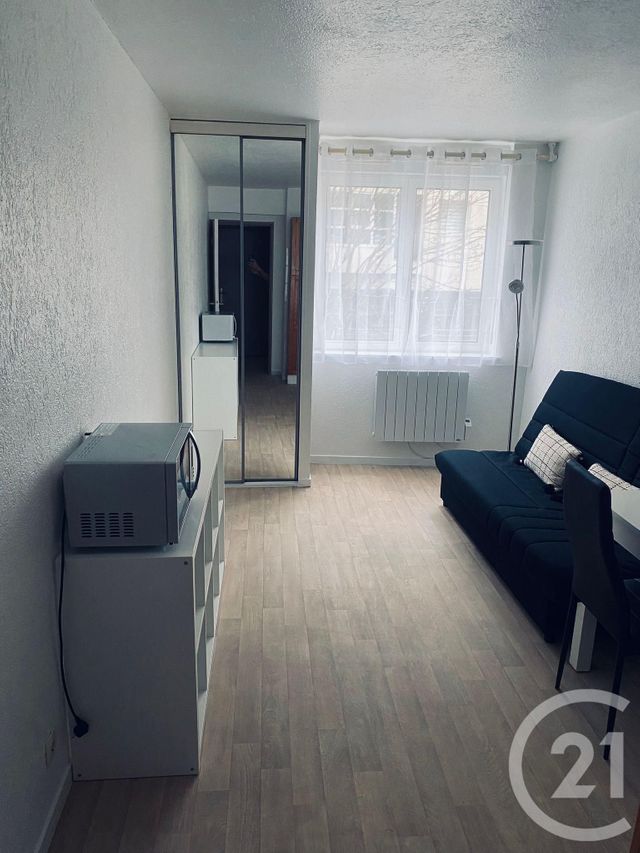 Appartement Studio à louer - 1 pièce - 18,36 m2 - Le Mans - 72 - PAYS-DE-LOIRE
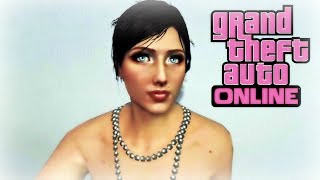 GTA Female Character Creation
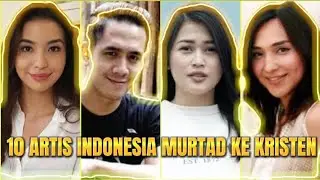 Keluar DARI Islam?!! INILAH 10 Alasan MEREKA PINDAH Keyakinan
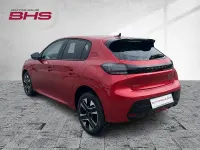 Neu Peugeot 208 Allure 101 PS (74 kW) 2026 Elixier rot (rot) Kleinwagen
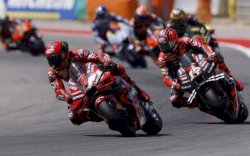 Balapan MotoGP Prancis 2023, Berikut Jadwal Hari Ini dan Klasemen Sementara Para Pembalap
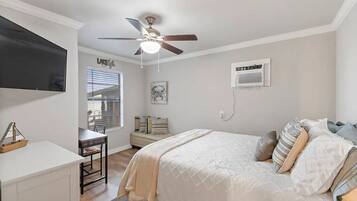 3 sovrum, skrivbord, resesÀng och gratis wi-fi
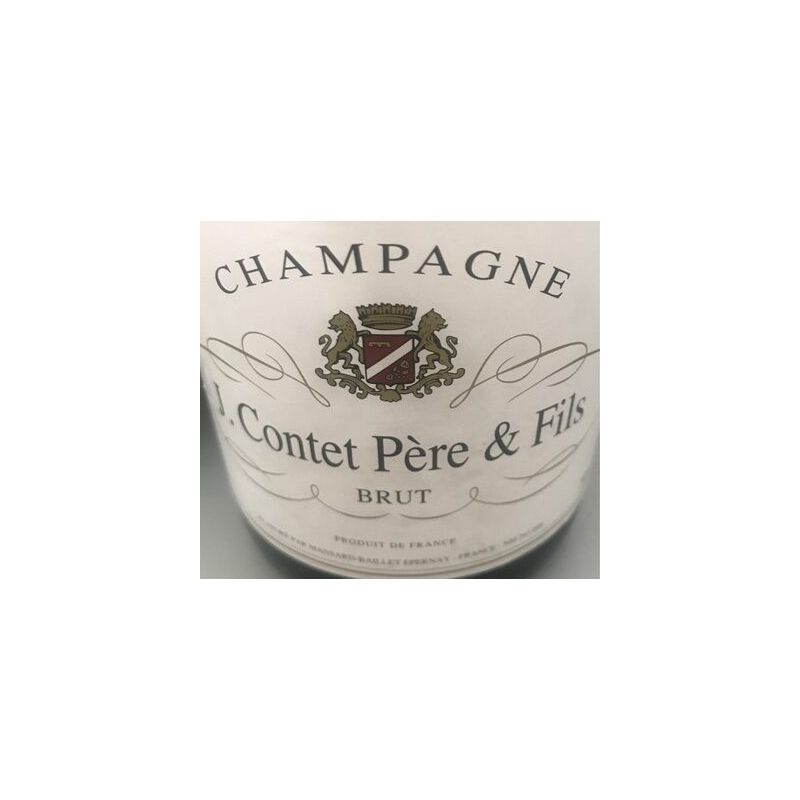 J.Contet Champag Brt P.Et Fils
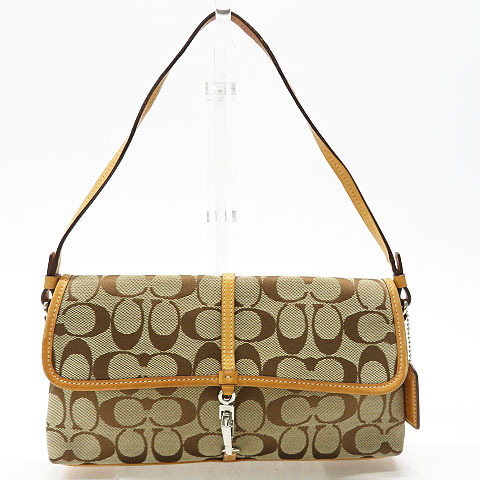 コーチ アクセサリーポーチの値段と価格推移は？｜193件の売買情報を 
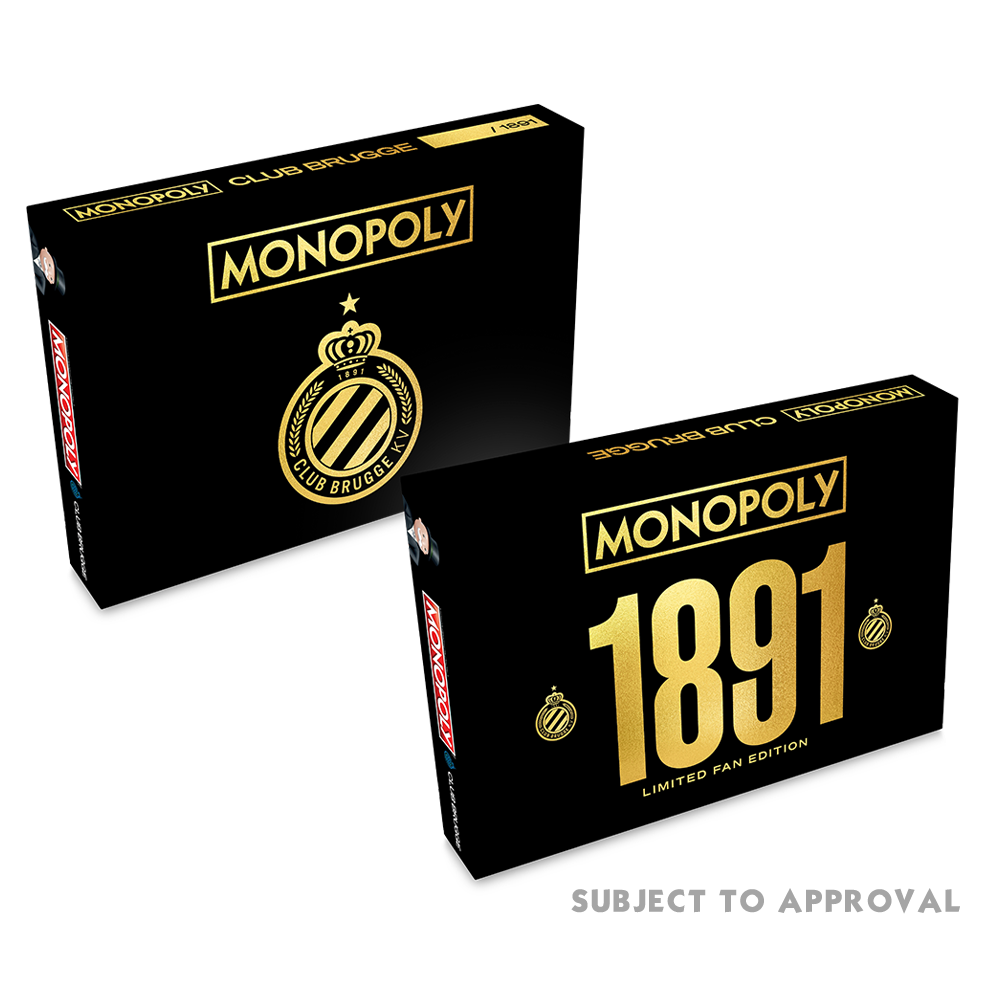 Monopoly Club Brugge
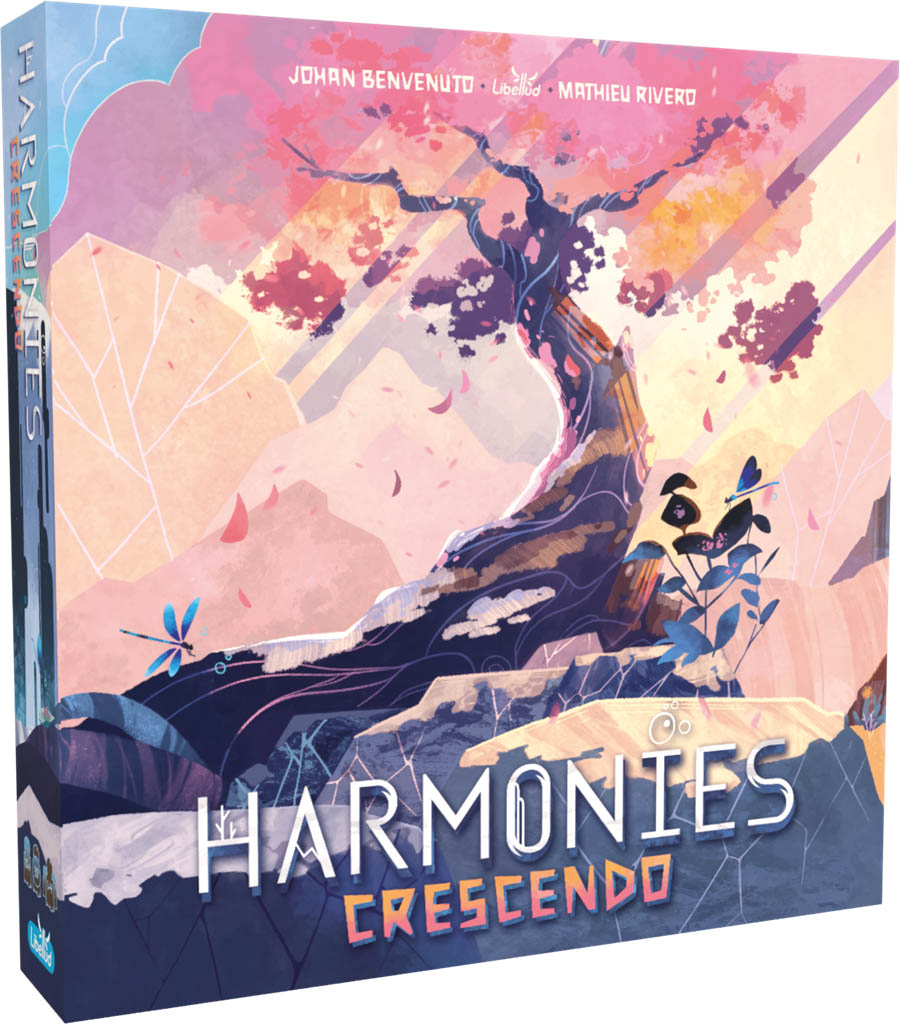 Harmonies : Crescendo (Ext.)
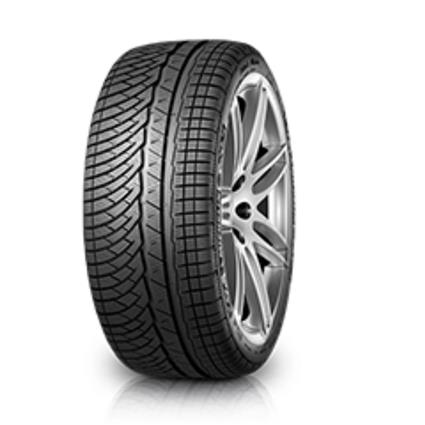 Pneu michelin pilot alpin pa4 245/45 r18 100 v ao xl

Your instructions:
Pictures stay out of the copy. Reproduce exactly the lines from the one containing "Neu Peugeot 208" through the last line of the records above, both included.

Your response:
 Neu Peugeot 208 Allure 101 PS (74 kW) 2026 Elixier rot (rot) Kleinwagen
 Balapan MotoGP Prancis 2023, Berikut Jadwal Hari Ini dan Klasemen Sementara Para Pembalap
 3 sovrum, skrivbord, resesÀng och gratis wi-fi
 J.Contet Champag Brt P.Et Fils
 コーチ アクセサリーポーチの値段と価格推移は？｜193件の売買情報を 
 Monopoly Club Brugge
 Harmonies : Crescendo (Ext.)
 Pneu michelin pilot alpin pa4 245/45 r18 100 v ao xl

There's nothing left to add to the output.